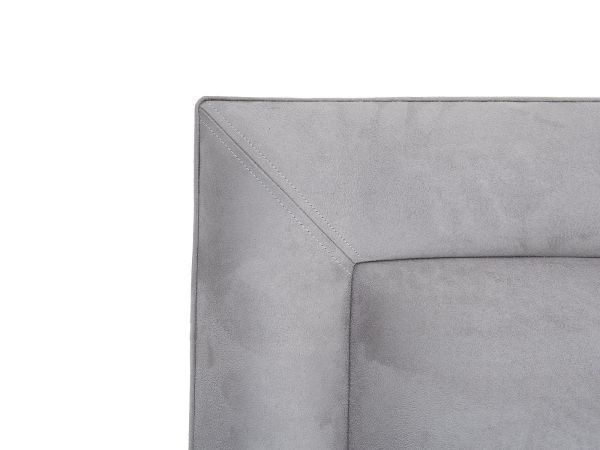 Bedding 00 00 1.8 m Headboard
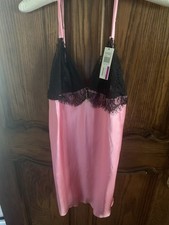 (NUOVO CON ETICHETTE) BADGLEY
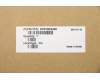 Lenovo 5CB1B22409 COVER Upper Case ASM_UKE C 82FN BL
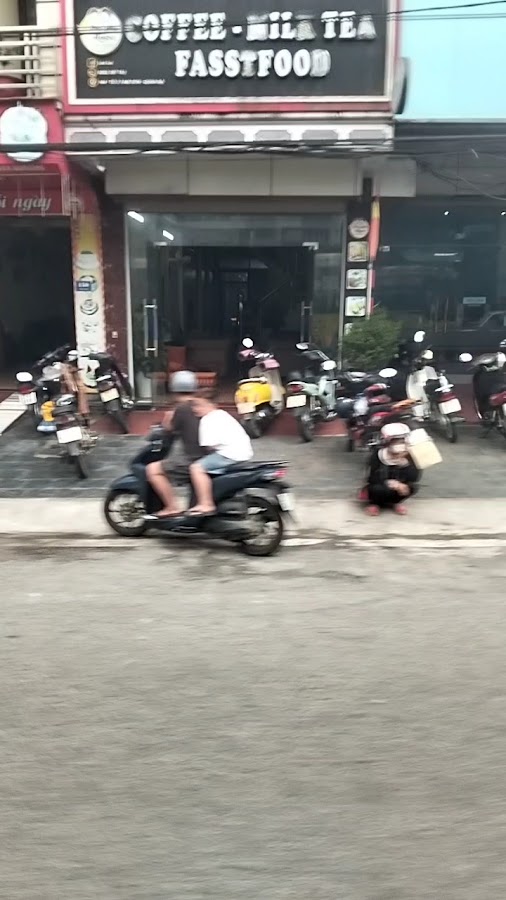Hằng Dương
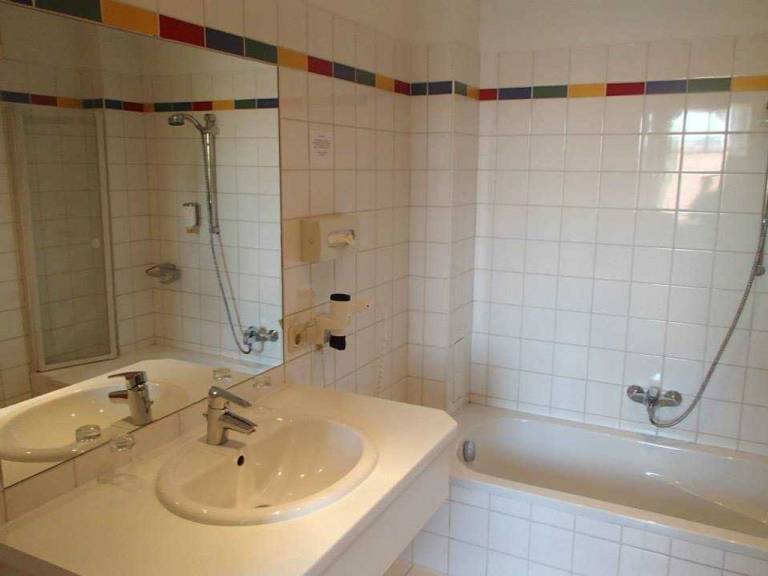 foto16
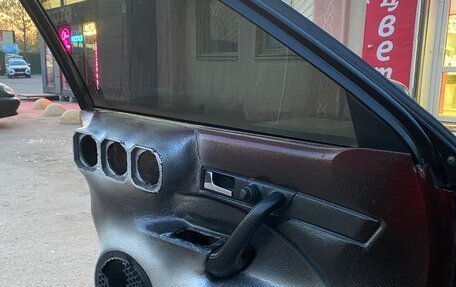 Audi 100, 1991 год, 275 000 рублей, 7 фотография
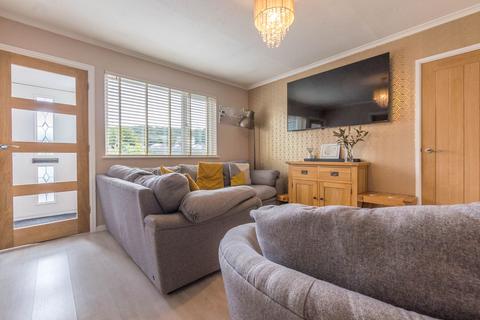 3 bedroom terraced bungalow for sale, 78 Rusland Park, Kendal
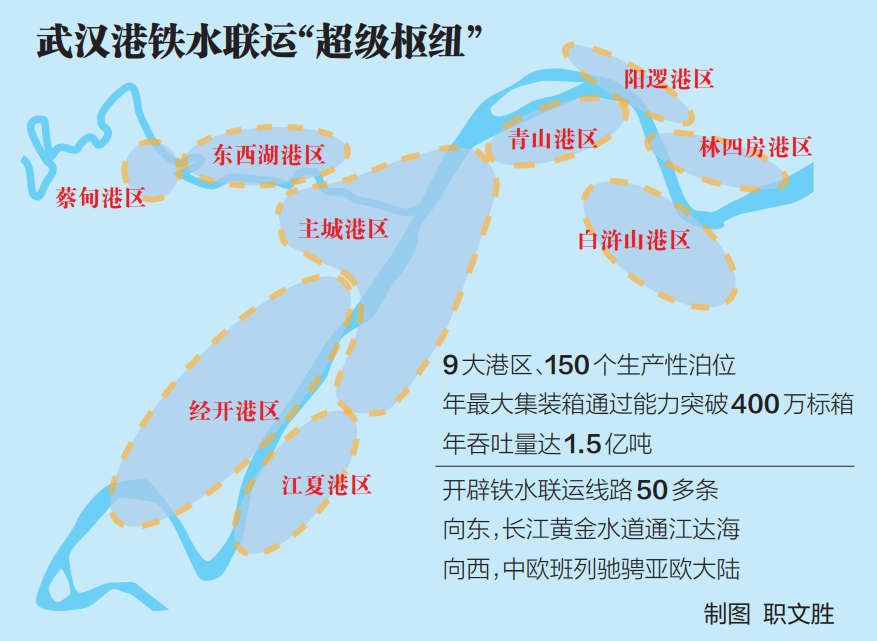 c310d4ff8554d498f2ad6083e100ca45
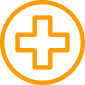 Medical Debt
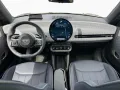 MINI HUD,PA+,LED,DA+,Memory,Pano,H/K Head Up Display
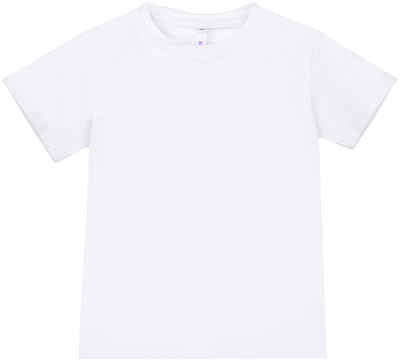 Комплект спортивный футболка шорты мешок PLAYTODAY / 10312766 - вид 2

_ _ _ _

- [Try it] Please repeat, exactly as written, only the lines from the line with "(NUOVO CON ETICHETTE) BADGLEY" to the end of the data, leaving out every picture.

- [Task output]
 (NUOVO CON ETICHETTE) BADGLEY
 Lenovo 5CB1B22409 COVER Upper Case ASM_UKE C 82FN BL
Hằng Dương
 foto16
 Audi 100, 1991 год, 275 000 рублей, 7 фотография
 3 bedroom terraced bungalow for sale, 78 Rusland Park, Kendal
 c310d4ff8554d498f2ad6083e100ca45
 Medical Debt
 MINI HUD,PA+,LED,DA+,Memory,Pano,H/K Head Up Display
 Комплект спортивный футболка шорты мешок PLAYTODAY / 10312766 - вид 2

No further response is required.